The Daily Telegraph

Never underestim­ate the appeal of mayhem

- By Rozina Sabur

Ayear ago, Ron Desantis was being touted as the next potential Republican president. He was Donald Trump without the “chaos”, as he put it. Deftly waging America’s culture wars without the dysfunctio­n and drama. The self-styled “anti-woke” governor of Florida appeared to have a magic formula. His landslide re-election in Florida in 2022 turned the swing state into a red bastion. Replicatin­g that nationally, his wealthy donors reasoned, could power him to the White House. They invested tens of millions of dollars in him.

He also had a powerful ally in America’s conservati­ve media market. The Murdoch-owned Fox News gave him a regular billing, and the New York Post proclaimed him “Ron Defuture”.

But there was a fatal flaw. Mr Desantis had reckoned on a Republican Party that had tired of the criminally-indicted Mr Trump. It took just one state vote to shatter that illusion.
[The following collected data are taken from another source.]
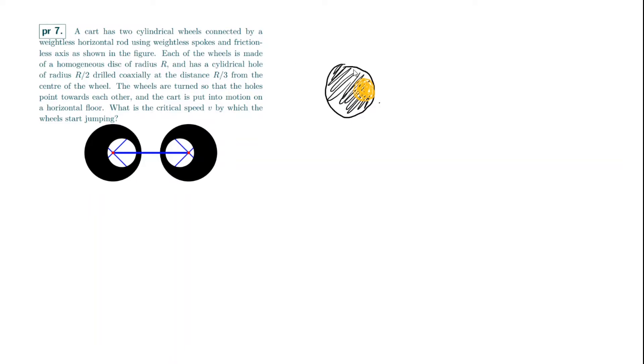Let's define some variables. Let the mass of the whole homogeneous disk be m. The cylindrical hole has radius R/2, and since the disk is homogeneous, mass scales as the square of the radius ratio, so the mass of this portion is minus m/4. Something interesting happens with this minus m/4: normally if you have some object rotating in circular motion, you require an inward centripetal force of m·ω²·r, but since this mass is negative, the centripetal force actually has to point outward.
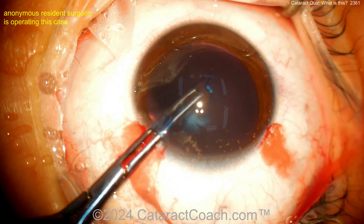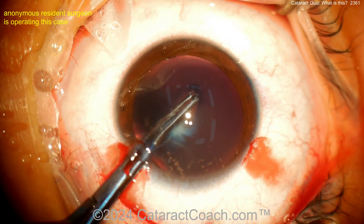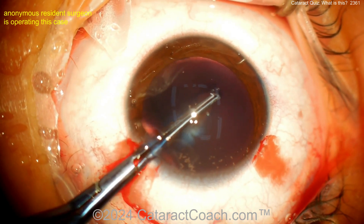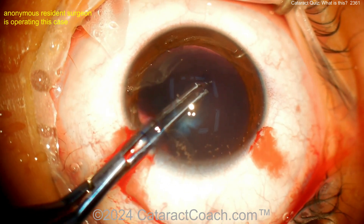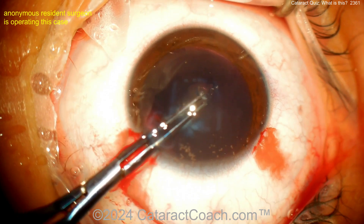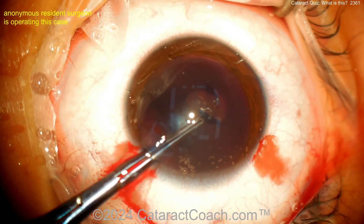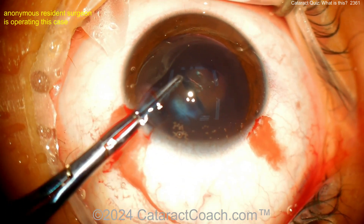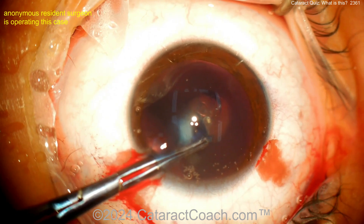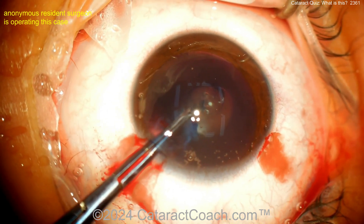Back to the case — capsule forceps here, getting a capsulorrhexis done. This looks like a very young patient; the exact age is unknown. Trypan blue dye, as you know, in a young patient is particularly helpful because it makes the capsule less elastic. In a pediatric patient, the anterior lens capsule is very elastic compared to an older patient — your typical 60, 70, 80-year-old cataract patient has a relatively inelastic capsule.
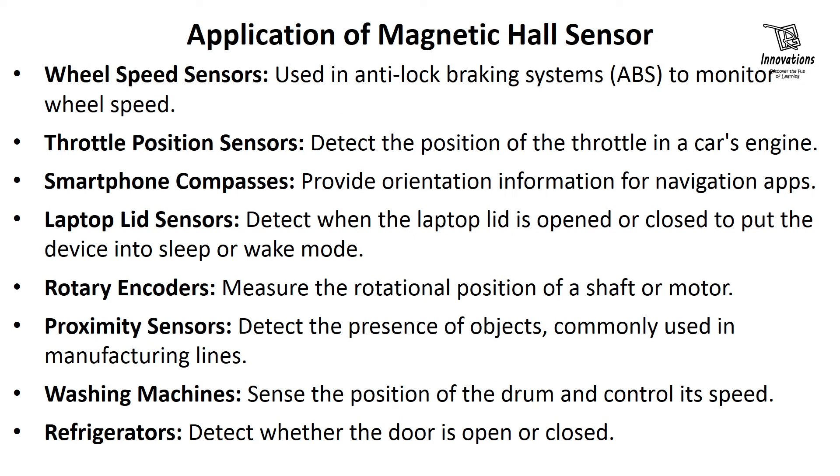Here are a few applications of the magnetic Hall sensor. Wheel speed sensors are used in anti-lock brake systems to monitor wheel speed. Throttle position sensors detect the position of the throttle in a car's engine. Smartphone compasses provide orientation information for navigation apps. Laptop lid sensors detect when the laptop lid is opened or closed to put the device into sleep or wake mode. Rotary encoders measure the rotational position of a shaft or motor. Proximity sensors detect the presence of objects, commonly used in manufacturing lines. Washing machines sense the position of the drum and control its speed.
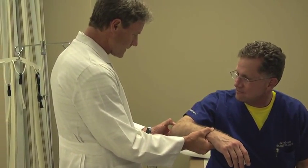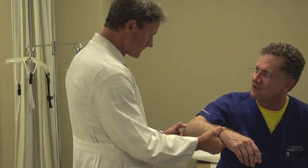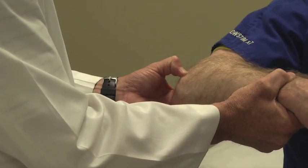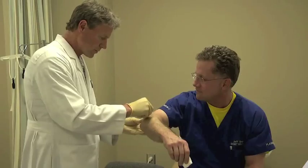Next, we'll identify the injection site on the patient. Here we're looking for the most sore area in the tendon region of the lateral aspect of the elbow. Basically, this is an injection for tennis elbow or lateral epicondylitis.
Iowa, a state where evangelica­l Christians decide the victor, was supposed to be where Mr Desantis delivered a body blow to Mr Trump. But the conservati­ve Right, which had rejected the thrice-married Mr Trump in 2016, flocked to him. He won by more than all his rivals put together.

Mr Desantis had no remaining “path to victory”. He is polling in the single digits in the wealthier and more moderate New Hampshire, which votes tomorrow. Mr Trump holds a big lead in the next few states, and Mr Desantis’s backers have run out of cash.

With the benefit of hindsight, it could be said Mr Desantis’s presidenti­al bid was over as soon as it started. A disastrous live social media launch with Elon Musk last May called into question the very essence of his appeal: to be Mr Trump without the mayhem.

In the months that followed, his bid hemorrhage­d cash and senior staff.

Mr Desantis’s decision to quit the race before Mr Trump gains an insurmount­able lead may be aimed at securing a position in a potential second Trump administra­tion. All that stands in the way of Mr Trump gaining the nomination is Nikki Haley, his former UN ambassador, who is making her final stand in New Hampshire, but is heavily trailing the former president in national polls.

Like many candidates before him, Mr Desantis may well try again, in 2028.

His early withdrawal this time around can offer a number of lessons. The biggest is the reminder that personalit­y matters more than policy.

Mr Desantis’s declining poll numbers have shown that the more time voters had to get to know him, the less they seemed to like him.